I can’t speak for America, particularly not today’s America, but I can speak for my colleagues and me and the answer would be yes. We are interested in knowing what the answer is.

We have spent far more money on this effort than anyone else, but there are now SETI groups popping up all the time, in the UK, Sweden, Italy, Australia and the Chinese are saying they want to get into the business. That’s as it should be. I can’t think of an issue more global than this one. We’re not asking if Californians are alone, it’s all of us Earthlings. If we could just make Washington fall into the ocean that would be a good trick and then we could move on with more rational approaches.

You have said that there are more planets than stars in the Milky Way galaxy of what you call ‘potential real estate’. What does that do to our understanding of space and the probability of finding life? This must make it all the more probable that we would find a signal?

It makes it all the more plausible. In the last 100 years, we have done an about turn on our theoretical understanding of how a planet is formed. When I was getting started in this business we were still at the tail end of thinking that a planet was formed when two stars passed close by to one another and pulled a material out into a disc between them. If in fact, that were true there would be very few planets out there. We now have more observational evidence and our theory for planet formation makes planets the rule when a star forms. What we are surprised by is the architecture of the planetary systems. Reality tells us that there are rules for planet formation that we don’t yet understand and that planets don’t always stay where they are born. Big surprise. 51 Peg b was a big surprise.

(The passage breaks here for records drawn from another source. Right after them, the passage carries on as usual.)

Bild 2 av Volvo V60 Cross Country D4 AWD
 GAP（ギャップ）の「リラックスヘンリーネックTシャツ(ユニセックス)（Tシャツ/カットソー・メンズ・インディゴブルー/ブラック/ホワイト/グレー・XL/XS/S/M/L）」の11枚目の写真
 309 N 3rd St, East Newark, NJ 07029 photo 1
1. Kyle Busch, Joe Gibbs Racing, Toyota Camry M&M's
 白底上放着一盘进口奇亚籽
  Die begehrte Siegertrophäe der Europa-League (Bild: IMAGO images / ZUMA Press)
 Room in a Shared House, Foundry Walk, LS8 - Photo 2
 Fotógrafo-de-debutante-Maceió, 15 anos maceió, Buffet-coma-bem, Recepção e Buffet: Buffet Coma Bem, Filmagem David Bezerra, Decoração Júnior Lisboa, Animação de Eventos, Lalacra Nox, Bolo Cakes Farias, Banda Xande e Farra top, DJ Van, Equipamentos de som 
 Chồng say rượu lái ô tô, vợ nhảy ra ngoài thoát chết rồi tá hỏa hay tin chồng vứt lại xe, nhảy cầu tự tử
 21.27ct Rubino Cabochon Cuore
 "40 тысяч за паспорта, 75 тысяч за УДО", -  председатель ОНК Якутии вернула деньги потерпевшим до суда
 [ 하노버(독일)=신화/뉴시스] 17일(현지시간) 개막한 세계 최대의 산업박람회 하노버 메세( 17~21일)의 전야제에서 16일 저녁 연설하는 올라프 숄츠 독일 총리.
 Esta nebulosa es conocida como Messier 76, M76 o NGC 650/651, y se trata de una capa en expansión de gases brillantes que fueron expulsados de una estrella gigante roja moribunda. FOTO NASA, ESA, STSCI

The other thing I learned at the start of my career was that the Sun was the source of all energy for all life, and that life could only exist within a small range of physical conditions. We were so full of ourselves as being the pinnacle of evolution, and we have now been forced to understand that the tree of life is extraordinarily abundant, adaptive and robust and we are just one little twig, which we are still trying to get over; our ego is not yet ready to accept the incredible diversity and richness of life. So the universe is much more bio-friendly than we thought, meaning it is becoming more and more plausible that the kinds of things that have happened here that led to a technological civilisation might have happened in other places. How often? We can’t tell you. Did life always lead to technological civilisations? We can’t tell you, probably not.

Now exo-planets and extremophiles, the whole field of astrobiology, is attracting the best and the brightest of our students. I’m really excited, so it doesn’t sound so crazy to be talking about other intelligent life out there.